Is this a Cyno White Top?









I'm talking about the dark colored fish in the middle of the picture. It just looks so different than the rest of the white tops...


----------



## noki (Jun 13, 2003)

the darker one looks more like a "Red Top Zebra" of some sort


----------



## nikelodeon79 (Nov 27, 2007)

The seller I bought it from also breeds the following:

Metriaclima zebra sp. "Red Top"
Cynotialpia Mbamba 
Ps. Demasoni 
Maingano 
Melanochromis Auratus

Do you think it is one of the above fish, or could it still be a Cyno White Top? It does kind of look like a zebra red top. :-(

Will this cause a problem in my tank, aggression wise? Also, I don't want hybrids. I'm not very familiar with the zebra red tops. Do you think the above fish is a female, or a male? It seems to be the most aggressive fish in the tank.


----------



## nikelodeon79 (Nov 27, 2007)

Here are some more pics of my unidentified cichlid. He gets a really cool color when he gets mad!









































(he's the one on the lower right)


----------



## yogurtpooh (Jul 28, 2005)

not white top hara


----------



## nikelodeon79 (Nov 27, 2007)

That's what I thought. Any ideas what he really is? (I say "he" because with the way he guards his territory, I'm assuming the fish is male).


----------



## noki (Jun 13, 2003)

most very likely Metriaclima zebra sp. "Red Top"

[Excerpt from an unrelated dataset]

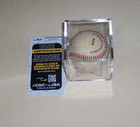 Jsa  Juan Marichal Signed Baseball  Autographed Juan Marichal Hof 83 Giants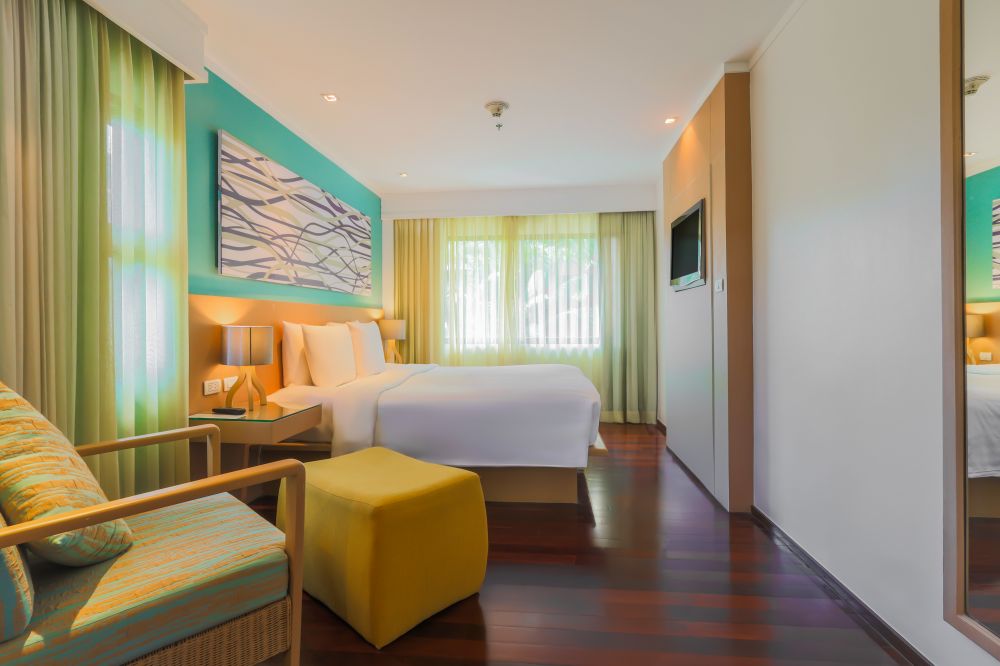 Tree Bedroom Premium Suite, Radisson Resort & Suites Phuket (ex. Swissotel Suites Phuket Kamala Beach) 4*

Cynotilapia Mbamba... Cynotilapia of some sort is possible but it doesn't look like a Mbamba to me

... and if you think it has any REMOTE chance of being one of these 3 species below you are not trying very hard! 
Ps. Demasoni 
Maingano 
Melanochromis Auratus

if it a male it will color up, if female it will never be very colorful


----------



## nikelodeon79 (Nov 27, 2007)

:lol: I didn't think it was, but I thought I'd post a complete list of all the species the seller has offered for sale in the past...

I contacted the seller and he said the only fish that could've possibly made it's way into the shipment would be a Cyno. Mbamba


----------



## noki (Jun 13, 2003)

In the last few pics the fish is darker, does it look like it is getting a light blaze on the forehead? Thsat would be the sign of a male Mbamba.


----------



## nikelodeon79 (Nov 27, 2007)

The fish gets very dark when he is mad, and yellow barring shows up on his forehead. He also start to look like his back has been dipped in gold. That's why it seems to me as if the fish is male.. :-(

I guess I'll have to get a new tank for him and pick up some females. Any ideas on other species to keep? Or what size tank I should get?


----------



## Adrnalnrsh (Mar 18, 2008)

Definitely Cynotilapia Mbamba as I have some that look exactly the same.


----------



## cichlidaholic (Dec 7, 2005)

There are several different locales for the Cynotilapia Mbamba. I would hope the seller would be a bit more specific! :wink:

It's a young fish, right?

I had both the Chitende Island variant and the Nkhata Bay variant for quite some time.

This one looks much like the Chitende Island females did as mature fish. Young Nkhata Bay juveniles looked alot like that, but as they matured, they darkened considerably.

It's going to be impossible to say for sure what it is unless your breeder only has one variant and you can get the females from them.

Kim


----------